If other treatments such as physical therapy, lifestyle and diet modifications and medications have been unsuccessful in treating your OAB symptoms, you have other options that can help provide you with freedom and an improved quality of life.
Advanced Treatment - Neuromodulation Therapy
Neuromodulation therapy works by addressing the communication lapse between your brain and the nerves that control your bladder. When these nerves are not communicating properly, the bladder has problems functioning as it should, resulting in incontinence issues.
Axonics Therapy is an effective solution for treating symptoms of overactive bladder (including urinary urgency incontinence), bowel (fecal) incontinence, and urinary retention. This therapy is clinically proven to help people regain bladder and bowel control. This small, implantable device provides gentle stimulation to the nerves that control the bladder and bowel, which can restore normal control and result in symptom improvement
The sacral nerves, located near your tailbone, carry signals between your nerves and the bladder and work to control the bladder and muscles related to urinary function. In OAB, these nerve signals do not communicate effectively with your brain resulting in bladder control problems.

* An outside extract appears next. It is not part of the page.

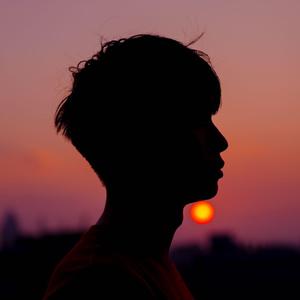 惩罚自己扒开🍑打屁股
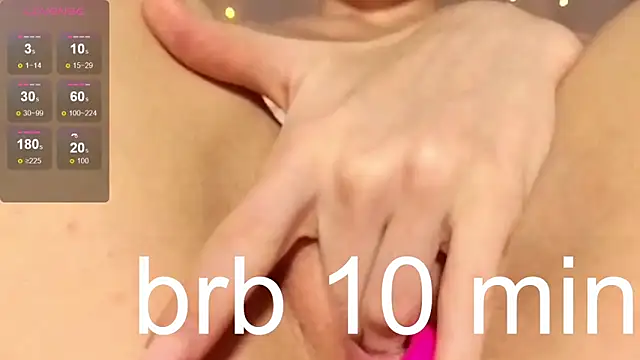 Laura_pinky's Webcam Show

InterStim therapy stimulates the sacral nerves with mild electrical pulses
to modulate the communications signals with the brain. This treatment is safe and effective and is a viable option for patients who have not had success with lifestyle changes and first line therapies for OAB.
Learn more about InterStim Therapy here.
Urgent® PC Neuromodulation System
When other first line therapies are not effective for treating overactive bladder, another type of neuromodulation therapy that targets the percutaneous tibial nerve, called Urgent PC, has been proven effective for some women with urgent urinary symptoms.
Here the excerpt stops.